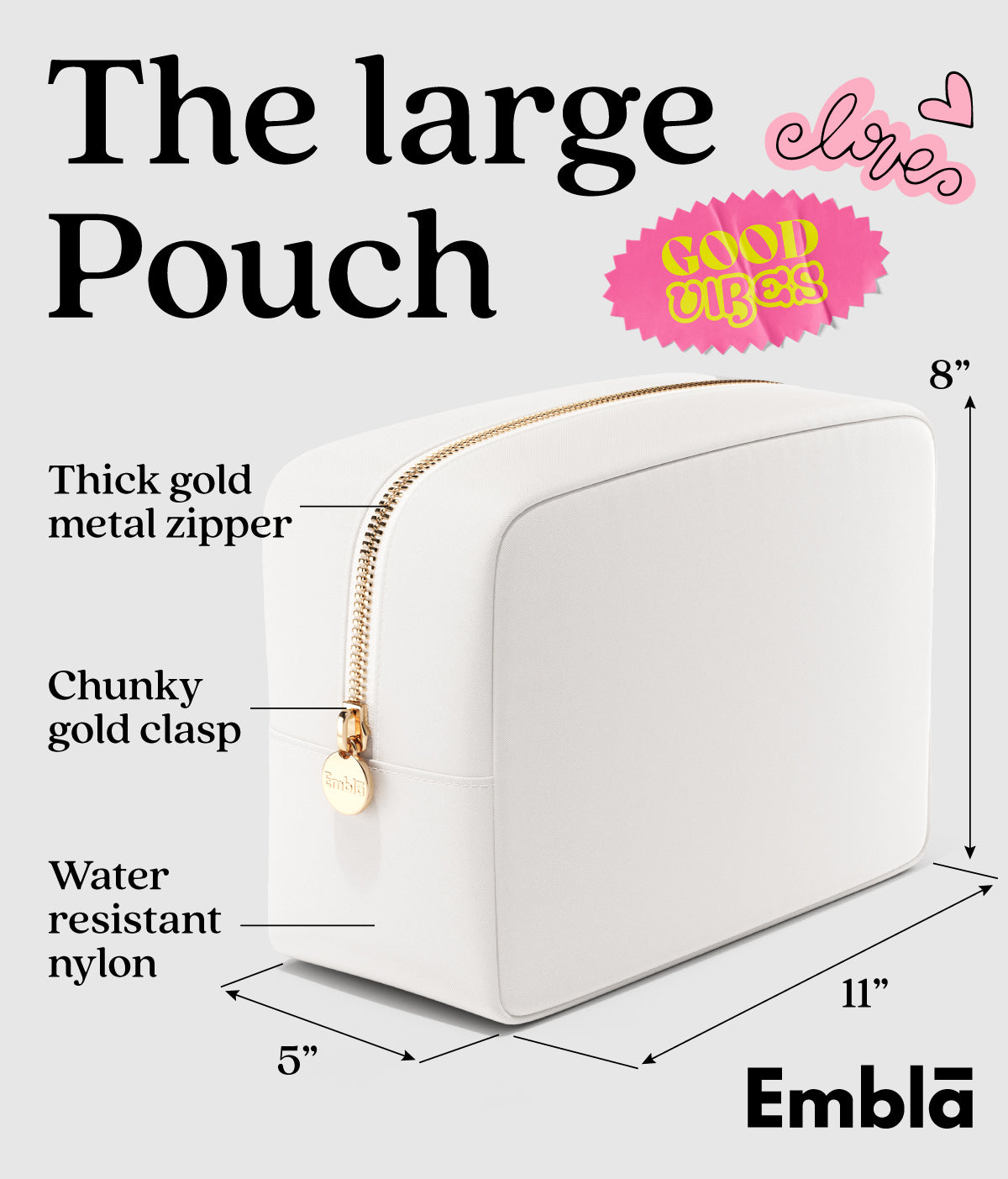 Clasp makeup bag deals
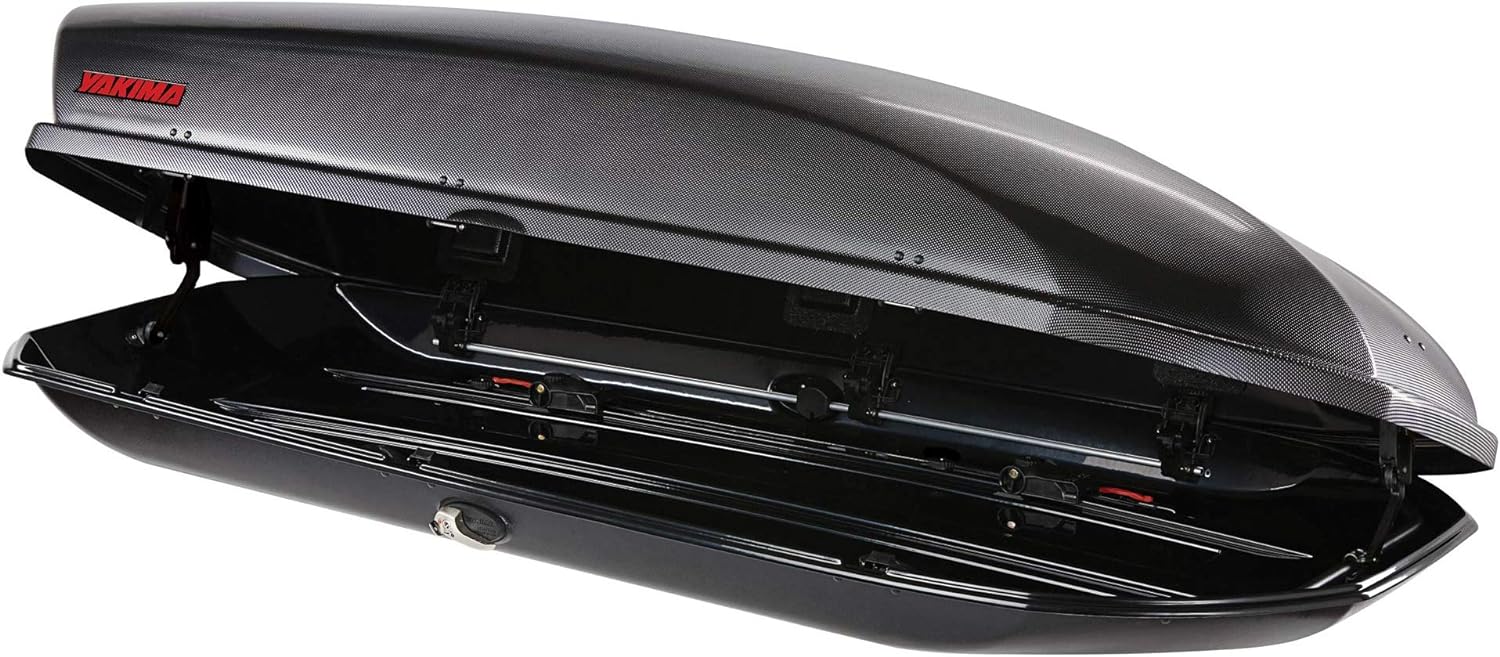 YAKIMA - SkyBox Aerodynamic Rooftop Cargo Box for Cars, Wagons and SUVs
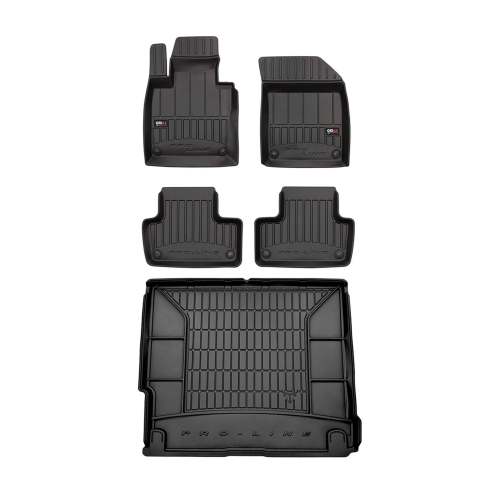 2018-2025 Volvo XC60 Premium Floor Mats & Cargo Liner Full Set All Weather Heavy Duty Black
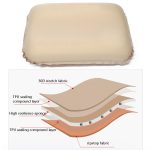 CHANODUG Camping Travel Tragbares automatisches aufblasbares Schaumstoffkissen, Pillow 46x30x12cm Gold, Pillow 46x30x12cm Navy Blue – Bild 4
============================================================
Pictures are to be excluded; all other material must be transcribed exactly.

 Clasp makeup bag deals
 YAKIMA - SkyBox Aerodynamic Rooftop Cargo Box for Cars, Wagons and SUVs
 2018-2025 Volvo XC60 Premium Floor Mats & Cargo Liner Full Set All Weather Heavy Duty Black
 CHANODUG Camping Travel Tragbares automatisches aufblasbares Schaumstoffkissen, Pillow 46x30x12cm Gold, Pillow 46x30x12cm Navy Blue – Bild 4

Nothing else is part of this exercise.